While the knee is a relatively simple joint, paradoxically, it can be a difficult joint to navigate in training- especially when pain or injury are present. The knee, a modified hinge joint, is a sagittal-based joint that works predominantly through flexion/extension patterns. A common perspective for analyzing the functional role of the knee is by viewing it as the biproduct of the hip and the foot. Although this obviously isn’t entirely thorough, there is a good bit of truth to this and at the least can be a good starting point for young coaches. The primary factor to consider when analyzing the relationship between the foot/knee/hip is understanding torque and the responsibilities each joint has to manage it. Torque, which is the summation of force and moment arm, or in simple terms- rotational force, is not favorable for the knee. Nevertheless, torque demands will ultimately be the rate limiting factor for knee health.

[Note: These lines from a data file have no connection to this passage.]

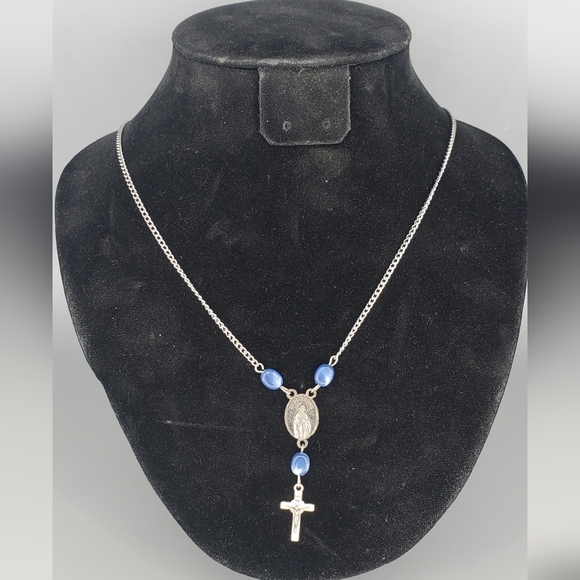 St. Anthony and St. Peregrine Silvertone Blue Bead Cross Necklace - Picture 1 of 4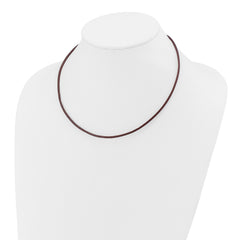 14k Yellow Clasp 2mm 18 inch Brown Leather Cord Necklace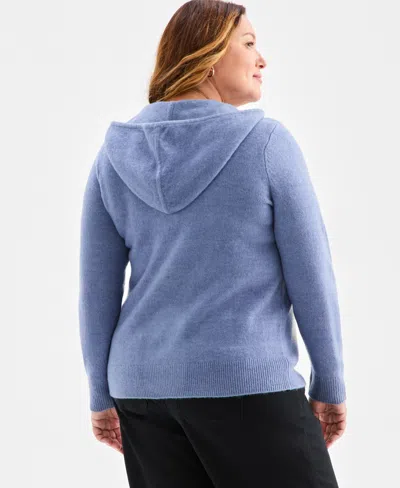 Style & Co Plus Size Hooded Luxsoft Sweater, Macy's Exclusive In Blue
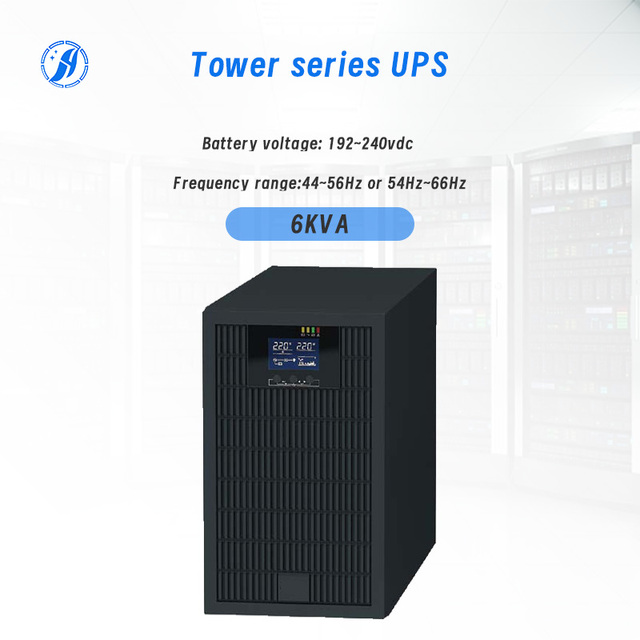 UPS 6kva Single-phase Tower Type Uninterruptible Power Supply 50/60Hz Frequency Pure Sine Wave 0ms Switching LCD Display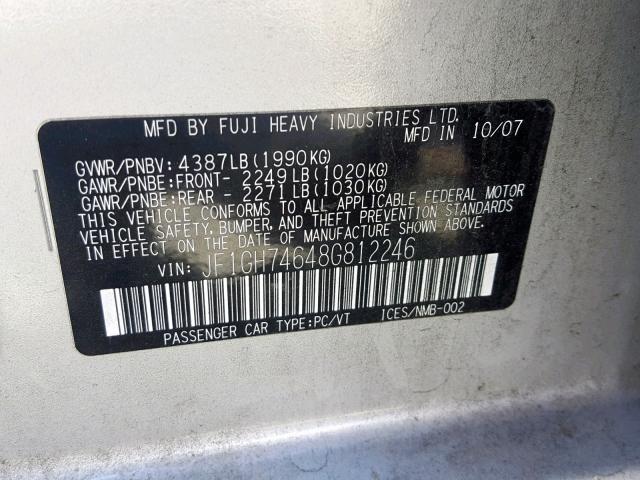 JF1GH74648G812246 - 2008 SUBARU IMPREZA WR SILVER photo 10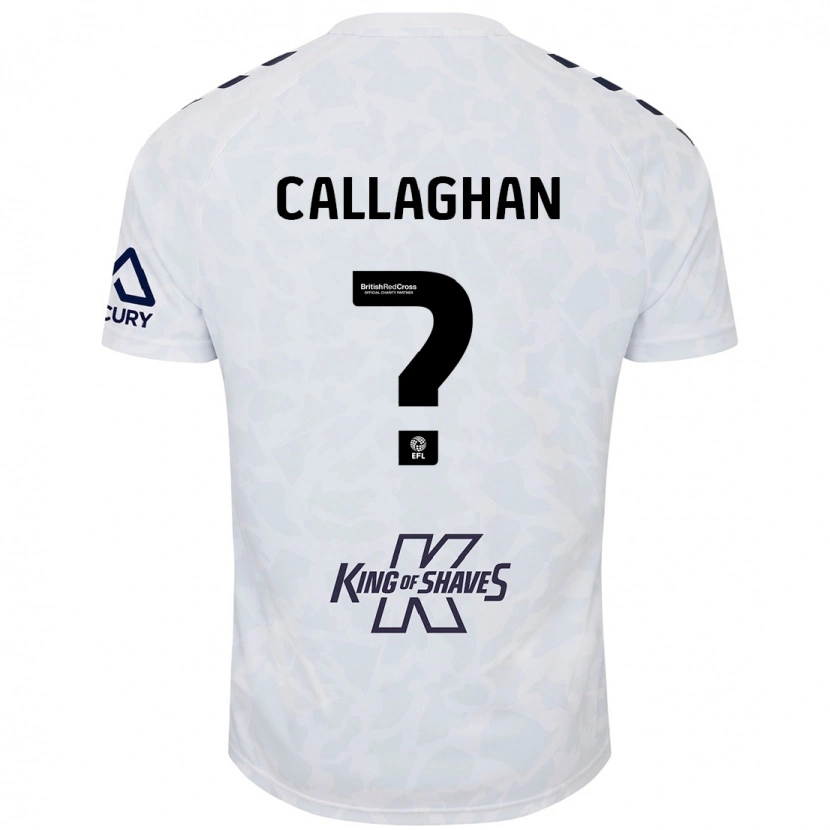 Danxen Bambino Maglia Charlie Callaghan #0 Bianco Kit Gara Away 2024/25 Maglietta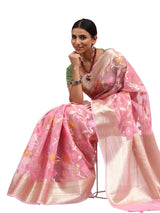 Organza Silk Banarasi Pink Saree with Meenakari Jungla Zari Work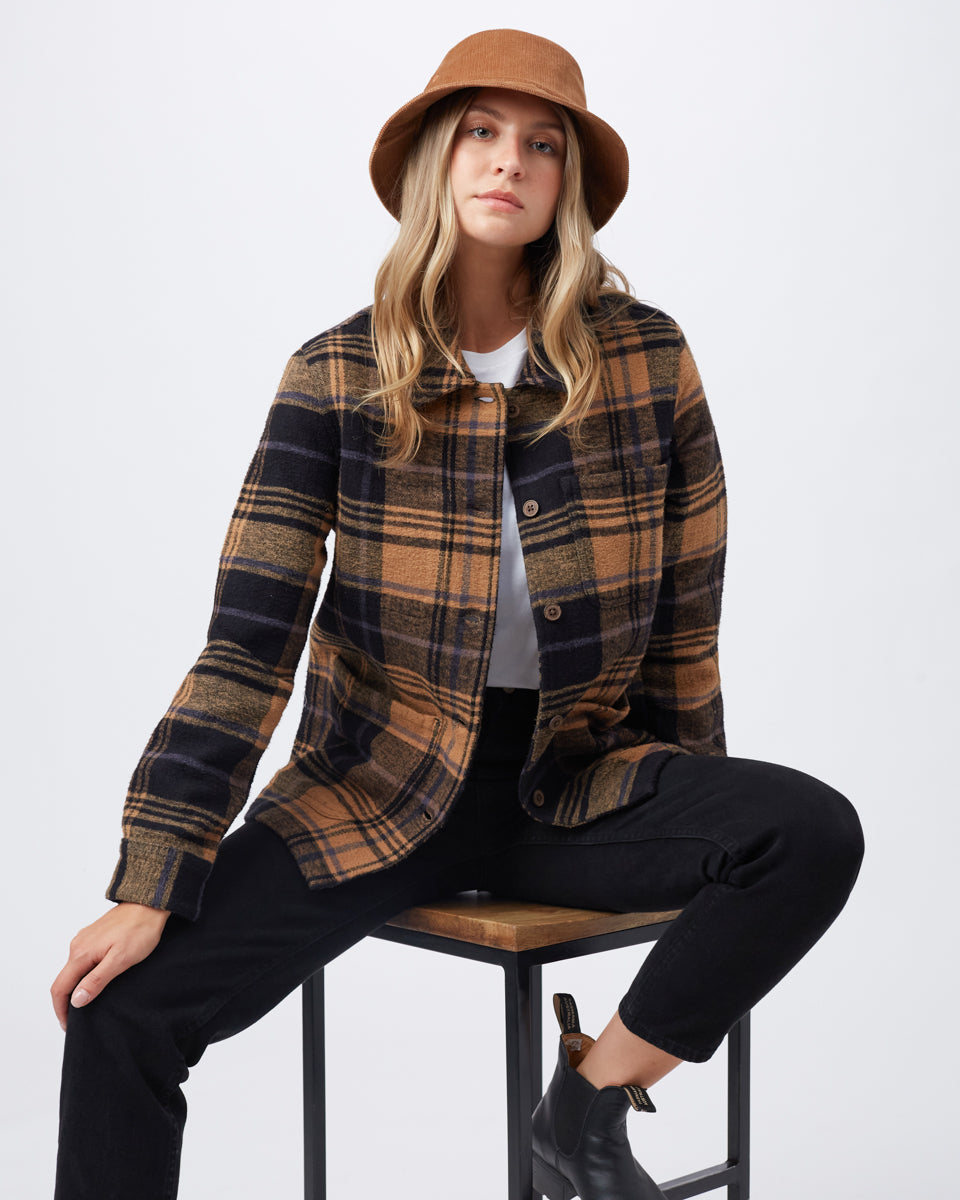 Tentree Flannel Utility Jacket - Foxtrot Brown Arbor Plaid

Where the foot (ankle) and hip are more fundamentally designed to accommodate torque, the knee is not. The reason being, these are joints that are designed to move in multiple planes of direction, or multiplanar. A reduction of mobility at the hip, namely internal/external rotation, and/or a reduction in stability at the foot, will cause the knee to take on more responsibility as a torque converter. When this occurs, pain and problems will almost certainly manifest at the knee joint.
General Approaches to Injuries Before we get into the details of working around knee injuries, there are some common variables I subscribe to when working with any injured athlete, irrespective of joint or injury type. In my opinion, looking at exercise or specific exercise selection as binary options is a reductionist approach. Sure, there are obvious cases like an athlete with severe disc compressions and their candidacy for back squats… but beyond the obvious, I think most items should be viewed as “how” not “if”. There are four primary variables to look at when assessing someone’s eligibility for optimal movement. Those being:
I.) Range of motion
II.) Path of motion
III.) Load
IV.) Speed
We’ll use a squat for an example here. Let’s say someone is having difficulty getting to 90 deg., whereby the closer they get to a parallel squat, the more pain they’re getting unilateral knee pain. Rather than just simply saying “ok squats aren’t going to be a good option”, I want to work through the variables outlined above as regressive tiers.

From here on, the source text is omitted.